NA REDE DO TIO CUNHA
Suzana da Cunha Lima
Naqueles idos de 50/70, Ipanema era a
praia mais democrática do mundo, onde pouco valiam títulos universitários,
carrão e dinheiro no bolso. O importante era gostar de praia, do sol e do mar,
se possível, de algum esporte, de jogar conversa fora e apreciar o invejável
bronzeado de suas belas mulheres. Embora fosse uma única faixa de areia branca,
que se espalhava do Leblon ao Arpoador, era povoada de diversas tribos
distintas, esportistas, surfistas, intelectuais, artistas, tudo que significasse
vanguarda. Um caldeirão fervilhante de ideias, atitudes, ousadias, bizarrices. E isso influenciou muito as gerações
posteriores, tornando o Rio de Janeiro uma cidade cosmopolita, imprimindo o
atual jeito de ser do carioca.
Pois, foi exatamente ali, em Ipanema, onde
a rua Montenegro se encontrava com a Avenida Vieira Souto, à beira do mar, que
havíamos colocado nossa rede de vôlei. Um dia, alguém levou Joel para jogar em
nossa rede. Foi um alvoroço no meio das
garotas. Tinha estampa, o moço, e marcava presença com um sorriso encantador.

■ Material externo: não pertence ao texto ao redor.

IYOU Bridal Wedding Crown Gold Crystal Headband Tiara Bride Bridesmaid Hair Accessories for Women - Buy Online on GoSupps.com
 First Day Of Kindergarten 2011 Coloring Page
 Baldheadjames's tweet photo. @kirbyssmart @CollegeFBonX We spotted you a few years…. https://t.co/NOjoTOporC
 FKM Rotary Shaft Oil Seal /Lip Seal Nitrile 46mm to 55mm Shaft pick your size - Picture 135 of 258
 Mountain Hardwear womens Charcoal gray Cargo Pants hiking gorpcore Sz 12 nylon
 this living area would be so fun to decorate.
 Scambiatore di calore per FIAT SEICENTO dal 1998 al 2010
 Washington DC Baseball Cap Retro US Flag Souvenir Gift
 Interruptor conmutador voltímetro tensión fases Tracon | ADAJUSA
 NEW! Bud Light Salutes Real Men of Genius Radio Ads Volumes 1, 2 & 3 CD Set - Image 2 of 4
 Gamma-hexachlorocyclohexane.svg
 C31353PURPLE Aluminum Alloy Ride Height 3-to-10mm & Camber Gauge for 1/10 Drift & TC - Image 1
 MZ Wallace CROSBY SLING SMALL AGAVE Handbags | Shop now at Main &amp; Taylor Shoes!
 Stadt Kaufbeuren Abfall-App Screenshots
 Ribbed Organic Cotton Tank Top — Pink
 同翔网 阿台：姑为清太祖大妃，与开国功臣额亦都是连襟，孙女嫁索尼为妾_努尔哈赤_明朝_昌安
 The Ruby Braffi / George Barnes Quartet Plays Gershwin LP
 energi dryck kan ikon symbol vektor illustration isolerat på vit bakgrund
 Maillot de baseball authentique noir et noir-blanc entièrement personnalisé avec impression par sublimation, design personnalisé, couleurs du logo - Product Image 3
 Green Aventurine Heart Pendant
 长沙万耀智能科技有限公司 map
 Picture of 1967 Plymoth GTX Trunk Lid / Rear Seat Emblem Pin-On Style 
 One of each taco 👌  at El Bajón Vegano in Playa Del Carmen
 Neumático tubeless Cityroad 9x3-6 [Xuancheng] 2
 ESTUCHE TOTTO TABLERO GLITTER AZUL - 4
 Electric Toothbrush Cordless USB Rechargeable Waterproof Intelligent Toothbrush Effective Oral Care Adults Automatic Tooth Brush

Não era muito alto, mas compensava isso pulando muito. Mostrou-se um excelente
cortador e me adotou como sua levantadora preferida. Durante algum tempo fizemos uma dupla
poderosa. Um dia eu me mudei para São Paulo e tive que me acostumar jogar em
quadra. Mas quando eu podia, em feriados ou férias, voltava ao Rio e ao vôlei
de praia, o meu primeiro amor. Jogar olhando aquela beleza de mar à frente,
valia a canseira da viagem e o calor de 40 graus. Reparei que Joel não jogava
mais lá e ninguém soube o rumo que ele tinha tomado. “ Vai ver que mudou de
rede, quem sabe? ”. Depois as especulações se acabaram, Joel sumiu mesmo e nunca
mais se ouviu falar do italianinho de olhos verdes da rede de tio Cunha.
Nossa turma continuava firme, ali, em
frente à rua Montenegro. Num domingo de sol, enquanto aguardávamos nossa vez de
jogar, uma moça muito bonita, de biquíni, passou por nós, a caminho do mar. Mas,
aquela parecia especial. Os homens embasbacados, não tiravam os olhos dela.
Ficaram ali hipnotizados, olhando seu balanço até ela mergulhar. Ela saiu do
mar sacudindo os cabelos molhados e percebeu o frenesi masculino. Estacou,
olhos franzidos como a recordar alguma coisa. De repente, parece que nos reconheceu porque
disse sorrindo na maior simpatia: “Que bom encontrá-los aqui, como nos velhos tempos!
”.
E ante os rostos estupidificados da ala
masculina e da estranheza da feminina, completou:
— Eu era o Joel, gente. Mas sou Joana
agora. Por isso vocês não me
reconheceram... continuam jogando aqui na rede de tio Cunha?